Passions at the Mar. 12 meeting came to a boiling point. Axelrod continued presenting pictures as City Attorney Patricia Lynch argued, “There is no requirement under the open-meeting law to allow people to use anything other than the microphone.” Finally a staff member turned off the overhead projector.

“That is completely unconstitutional,” fumed Axelrod. “I sat here last week and saw three people use this equipment. Your fascist actions have already denied the people of Reno this important dialogue. Every one of you should be ashamed.”

“It was a weird thing,” commented gadfly Sam Dehne. He didn’t necessarily think the action was directed at peace resolution supporters, yet he and others noted that visual aids are a routine part of public presentations at council meetings. He said it was “cowardly and dastardly” of council to put up another barrier between citizens and their representatives.

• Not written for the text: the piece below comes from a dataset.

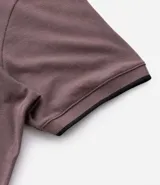 Camisa polo de manga corta confeccionada en algodón, con cuello en V y detalles en color contrastante en el cuello y los puños. Presenta un diseño de tejido en media malla, ofreciendo una textura suave y transpirable.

Afterward, Lynch left the chamber to explain the context of the issue to Axelrod. She said that someone had once attempted to display inappropriate material on the equipment. The document she offered as evidence that council has discretion to prevent the display of pictures, however, didn’t seem on point. She presented Axelrod a letter from the state Attorney General’s Office stating that Sam Dehne can be ejected from a room for disrupting a public meeting.

No one on the council claimed the photos were a disruption.

Instead, staff and council announced that “no one” was allowed to use pictures during the public-comment period. Outside the chamber, a Gazette-Journal reporter recalled that people have often, and recently, displayed photos while speaking. To clarify the matter, council placed the procedural issue as an agenda item for its next meeting.

“The idea that you can’t put a picture up here is ridiculous,” Dehne told council. “It’s despicable, and you ought to be embarrassed.”

The chaotic moment inside City Hall revealed in full patriotic Technicolor the unlikelihood of meaningful dialogue in our country—or at least in Reno—at this time.

Councilmembers were reluctant to speak publicly about the peace resolution. Pierre Hascheff, who ran the meeting in the absence of Mayor Bob Cashell, offered no comment. David Aiazzi and Sharon Zadra also skipped the meeting.

The typical signals of linear thinking sounded: Dehne and Felton cried treason, elected officials were unwilling or unable to speak out, city staff quashed debate, protesters cried out against war, and a conservative pundit stormed into the face of a weekly reporter who had the audacity to cover the event as though it were a newsworthy topic.

Father Chuck Durante was one of seven citizens who spoke in support of the peace resolution. He said that the proposed war fails morally to meet a “just war” standard and fails legally to comply with international law.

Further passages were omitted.